"Saya sudah 7 tahun bekerja di Hongkong. Gaji saya Rp7 juta per bulan. Saat baru masuk, gaji dipotong agen selama 6 bulan dan dipotong untuk biaya visa. Bersih Rp5 juta hingga Rp6 juta," katanya.
Wajah gembira terpancar di wajahnya, apalagi dia mengaku selama bekerja di Hongkong relatif tidak pernah mengalami kejadian yang buruk karena majikannya baik.
"Kalau ada masalah, lapor ke KJRI atau majikan. Sejauh ini saya belum pernah," katanya.
Siti setiap minggu, libur. Jika tetap masuk, mendapat uang ganti dari majikannya.
Ia juga sudah bergabung dengan Grup WhatsApp Buruh Migran Indonesia (BMI) Hongkong. Kalau libur, bisa pergi ke perpustakaan yang dilengkapi fasilitas komputer. Kendati senang tinggal di negeri orang, dia ingin kembali ke Tanah Air 1 tahun lagi untuk berwiraswasta.

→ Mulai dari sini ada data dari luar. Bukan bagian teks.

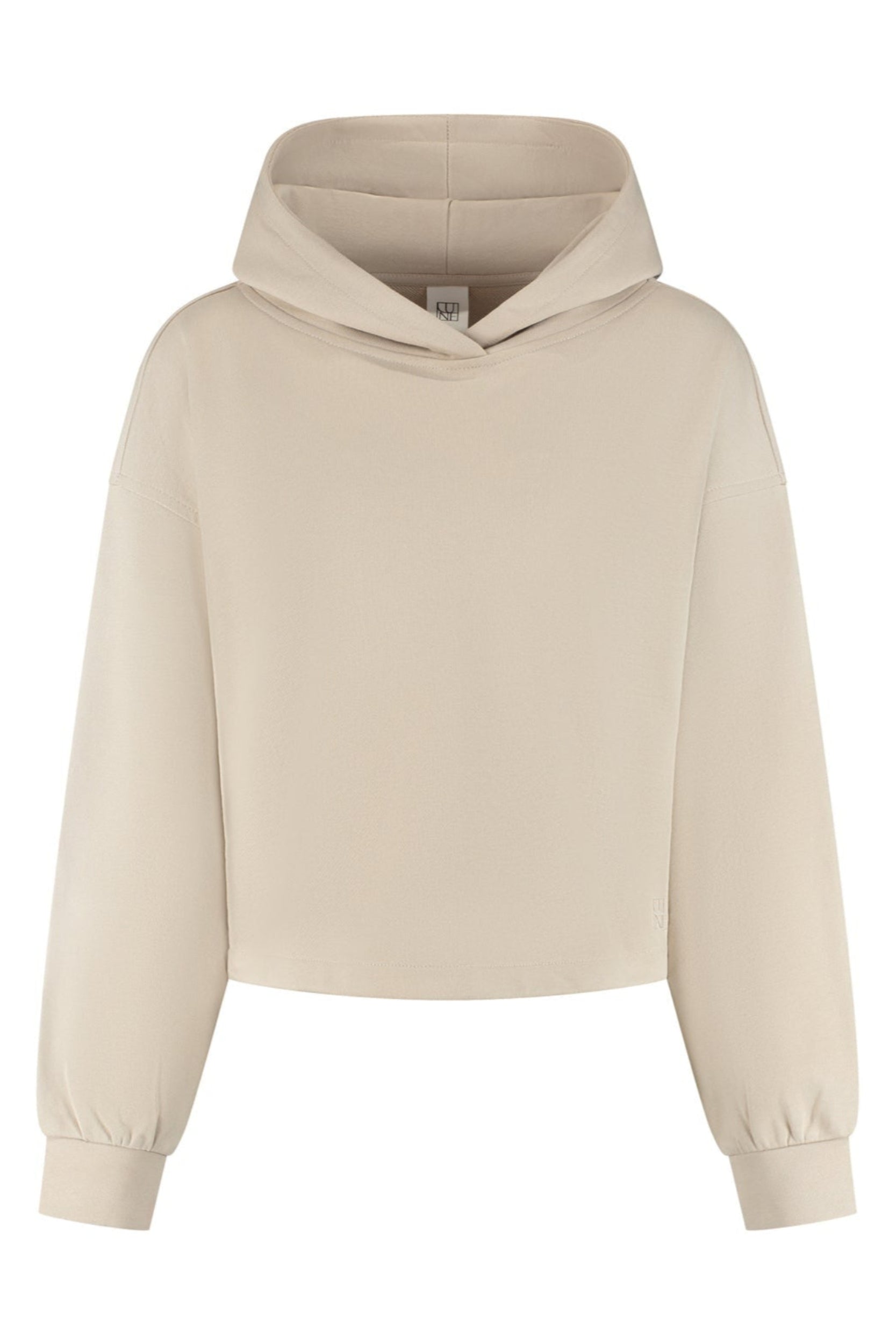 Amelia Cropped Hoodie - Feather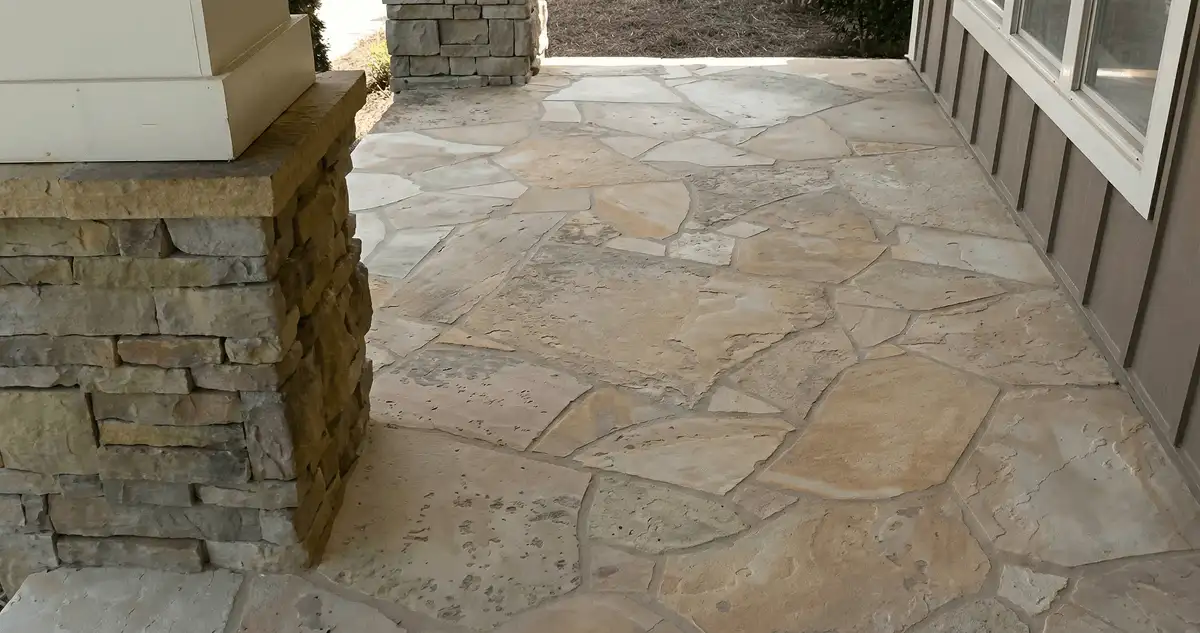 House entrance with professionally installed stone flooring in Reno NV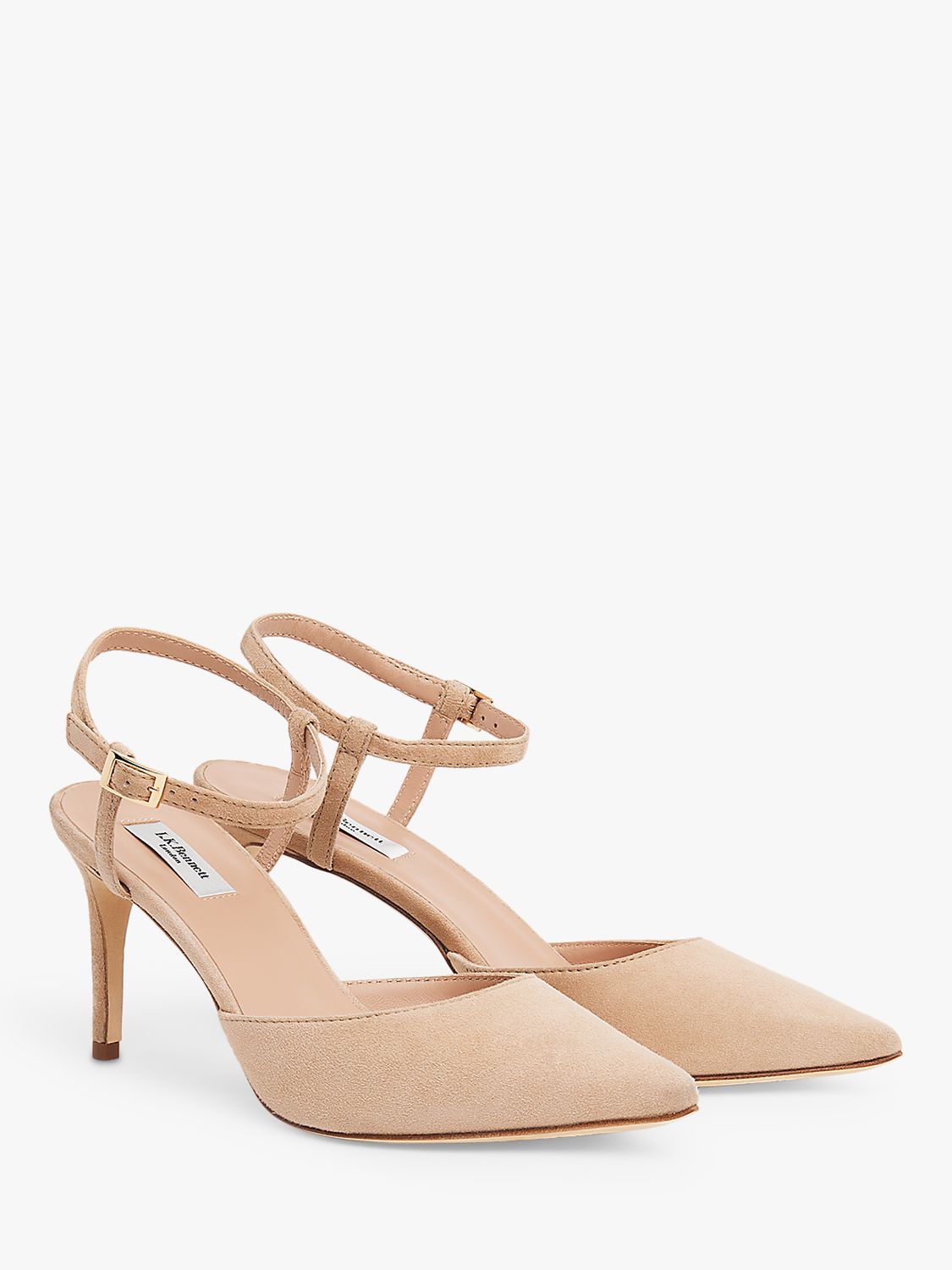 L.K.Bennett Hope Pointed Court Shoes, Natural at John Lewis & Partners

Sodikin (54), pekerja migran asal Desa Campur Rejo, Panceng, Gresik, Jawa Timur, senang bisa ikut mudik gratis, apalagi dirinya sudah lama tidak bertemu anak-anaknya, sementara istrinya menjadi pembantu rumah tangga di Trengganu, Malaysia.
Pria yang mendapat kartu pendudukan tetap atau permanent resident dari pemerintah Malaysia ini mengaku tidak kesulitan bekerja di negeri jiran.
"'Angger gelem uger sirahe' atau asal mau kepalanya bergerak maka pasti mendapatkan rezeki. Saya biasa mendapatkan RM1.800 per bulan," katanya.
Eny Khumaida (39), pekerja migran asal Kasembon, Malang, Jatim, mengatakan bahwa pada bulan ke-11 nanti "permit"-nya sudah sambung ke-7.
Petugas cleaning service ini diberi waktu cuti oleh majikannya hingga seminggu. Kalau melanggar, dendanya RM 30 per hari.
Dalam sebulan, dia bisa mendapatkan RM 1.200.